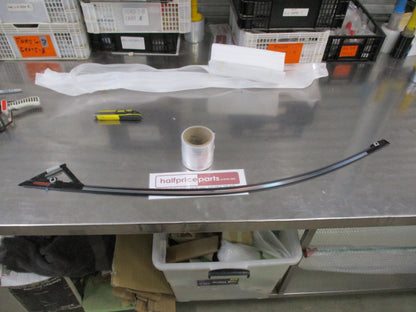 Mazda CX-5 Genuine Left Hand Front Door Upper Moulding A New Part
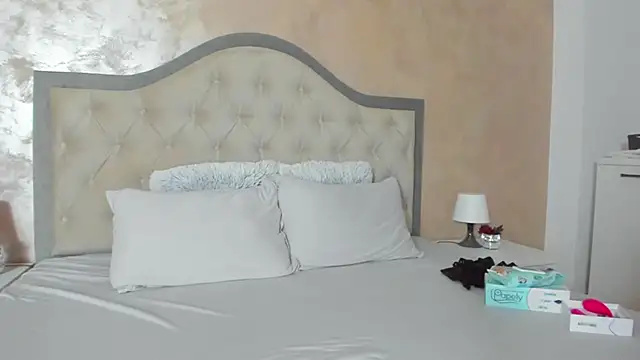 Snapshot of JennaMyers chatting on 7, 2, 2025 JennaMyers online show from 7, 2, 2025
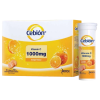 Cebion Vit C Tabs 1000mg Eff.4x10's (O)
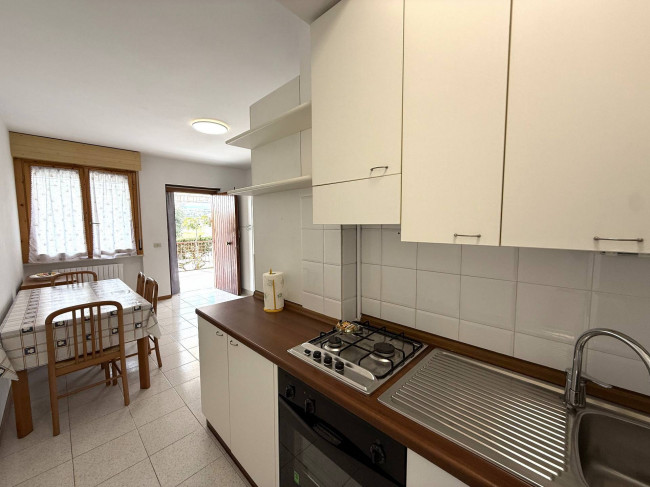 Appartamento in vendita a Martinsicuro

What to produce:
Ignore the images and quote every line of the listing exactly.

Solved problem:
 Mazda CX-5 Genuine Left Hand Front Door Upper Moulding A New Part
 Snapshot of JennaMyers chatting on 7, 2, 2025 JennaMyers online show from 7, 2, 2025
 Cebion Vit C Tabs 1000mg Eff.4x10's (O)
 Appartamento in vendita a Martinsicuro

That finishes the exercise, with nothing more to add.